The thing that keeps me questioning is the "its using binned parts" dialogue. I'm sure _some_ parts might be discards from the iphone 16, but the volume they had at launch to me suggests that not the story. I've read somewhere that they made/budgeted for 5 million laptops shipped this quarter/half. but if they are made from binned CPUs, that suggests at least 4-7% yeild loss for the original iphone CPU.

Bear in mind thats this 4-7% loss only counts dies that have just one broken CPU unit. There are many other failure modes as well. That just seems very very high.

I've also not really seen any official channels that support this assertion, even apple insider seems sceptical that this is true: https://appleinsider.com/articles/26/04/07/incredible-macboo...

With my logic hat on, Apple contracts chip manufacturing, so I would have assumed that rejects and failed parts would be recycled at source. I would imagine that apple only pay for parts that pass QC. So I suspect that actually these chips are either leftovers (at best) or specifically manufactured using the old tooling.

> Bear in mind thats this 4-7% loss only counts dies that have just one broken CPU unit. There are many other failure modes as well. That just seems very very high.

Is it?

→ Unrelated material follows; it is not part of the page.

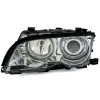 Φανάρια εμπρός BMW E46 sedan (2001-2003) angel eyes - chrome , χωρίς λάμπες (Η7) - σετ 2τμχ.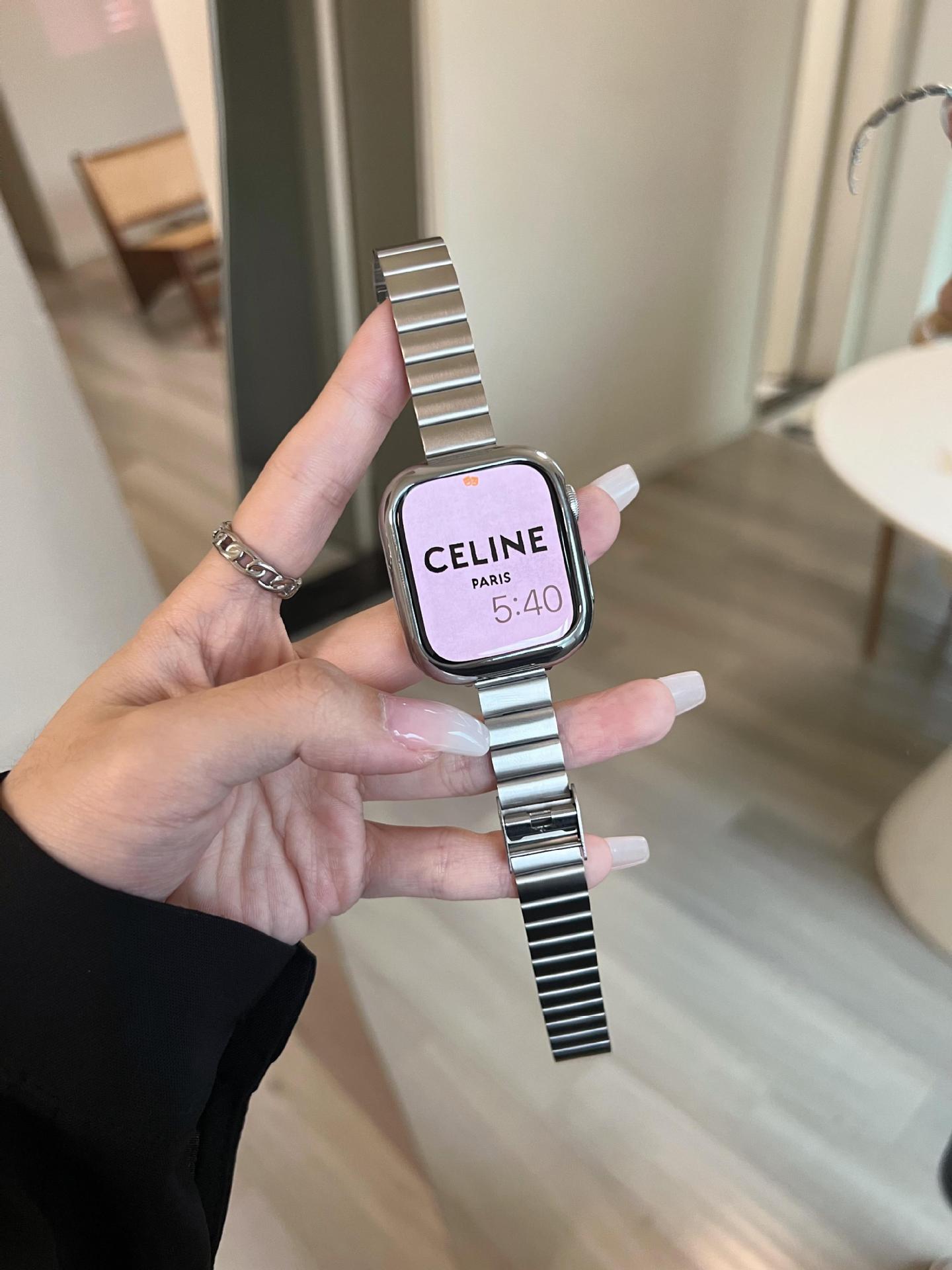 iwatch表带S10女高级感适用applewatch苹果手表98代76SE5金属钢带详情4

I thought the average for lastest-architecture chips was around 5%.

Sorry I was unclear about what "very high" meant.

From what I can see, one can expect about 80-90% yield per wafer, the bit that that doesn't make sense is that the "binned" narrative implies that of those broken parts of the wafer, 25-50% are usable with just one GPU disabled.

To me that sounds wrong, and far too high.

I would expect 80% of the failures would have only one core not pass QA.

I remember back in the day it wasn't that unusual for intel to sell quad core CPUs and dual core CPUs that exactly the same hardware-wise, but the dual-core ones didn't pass the QA to be sold as a quad-core.

In fact they sold many functional quad-core CPUs as dual-cores with 2 cores disabled and you could unlock the extra cores with some magic if you got lucky and got one that passed the quad-core QA.

I had thoughts along similar lines, but there are other possibilities - it could be the older CPU models are built either on older lines and/or with more mature, higher yield processes, and this offering could in part take demand pressure off of top-of-the-line process M5/M4 parts.

> The thing that keeps me questioning is the "its using binned parts" dialogue.

How is this different from any other computer product?